Numerical analysis is an essential tool for Data Science, Computer Science, and Applied Mathematics. It makes it possible to solve problems which are difficult or impossible for conventional mathematics. The topics in this course include: the solution of equations and systems of equations using Newton’s method and other iteration schemes, interpolation, method of least squares (linear and nonlinear regression) for curve fitting, numerical integration, numerical solution of systems of linear equations, solution of minimax problems, Monte Carlo methods and the numerical solution of ordinary differential equations. Error analysis will be performed on each method.

MATH 654 – Applied Probability

This course will cover the fundamental concepts in probability theory and their applications. Probability theory will introduce concepts for single random variables and then extend into multiple random variables, including distributions and classifications of random variables. Applications will focus on real-world problems utilizing data analysis and uncertainty. Computer simulations will be an embedded component throughout the course.

MATH 680 – Advanced Mathematical Modeling

This course requires students to develop, use, and assess models to solve real-world problems using the mathematical modeling process. Models developed in a variety of disciplines, including linear programming, network science, decision theory, machine learning, are studied and used to solve problems in other disciplines.

MATH 685 – Introduction to Experimental Design

This course will cover the principles of experimental design including the collection, analysis and interpretation of data acquired from designed experiments. The identification and implementation of a variety of design structures will be studied, along with the statistical model and methods of
analyzing data for each of these designs. The assessment of whether or not model assumptions are sufficiently met will be emphasized, along with how to clearly summarize and present the results of the analysis of a designed experiment.

MATH 730 – Fieldwork Experience

This is a projects-based course, developed in conjunction with industry sponsors and faculty. Students work closely with faculty and sponsors over one or more semesters on an Applied Mathematics project. The program merges aspects of a co-op or internship and faculty-mentored independent study or thesis. Students will be required to file progress reports with the faculty project mentor, along with a final presentation submitted to the project stakeholders and Mathematics convening group.

Opportunities to enroll in this course are subject to the availability of projects sponsored by the College, industry or government representatives, or faculty. Availability will be announced prior to each semester, and students may enroll in the course to fulfill one of their Category 2 electives. Enrollment will be granted at the discretion of participating faculty and the Applied Mathematics program director.

MATH 750 – Applied Mathematics Thesis

All M.S. students will be required to complete a Master’s Thesis under the advisement of a faculty member. This requirement is distinct from any Fieldwork Experiences the students participate in – however students participating in Fieldwork Experiences for more than one semester may have their thesis requirement waived.

Thesis projects represent independent research, developed and implemented by the student. Thesis projects require a written thesis to be submitted to the faculty advisor, along with a panel of Mathematics faculty.

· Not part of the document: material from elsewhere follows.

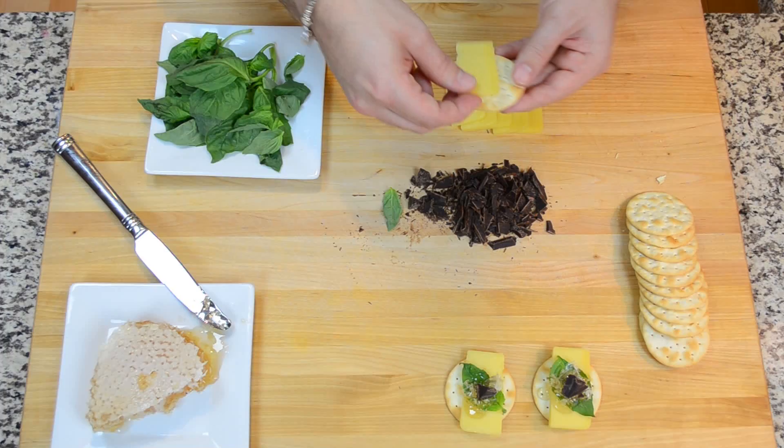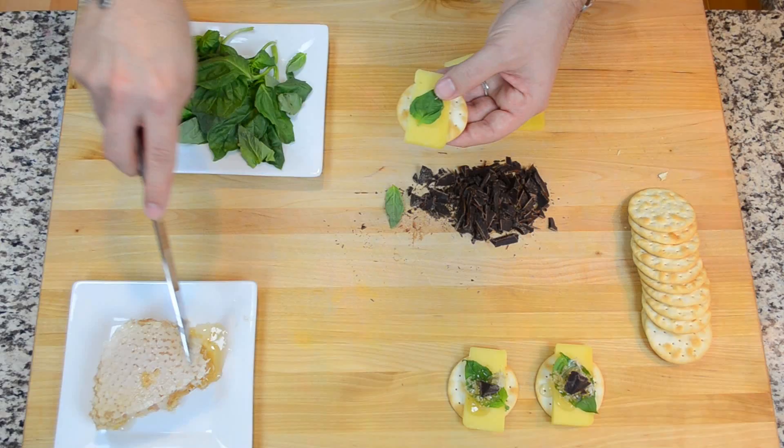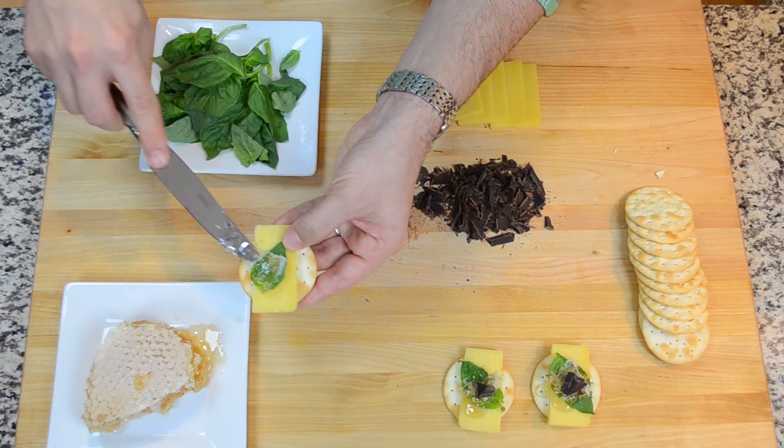Simply layer each cracker with a slice of Gruyere, a basil leaf, a dollop of honey, and top with a piece of dark chocolate. Arrange on a serving platter or flat board.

The project also requires an oral presentation, made to the faculty advisor and panel. Grading is P/F for this course.

Enrollment requires students to meet with the Applied Mathematics Graduate Program Director, obtain approval of a project idea, and select a faculty advisor prior to registration. Registration for Spring semester requires project approval and advisor selection prior to the end of October, registration for Fall semester requires project approval and advisor selection prior to the end of April.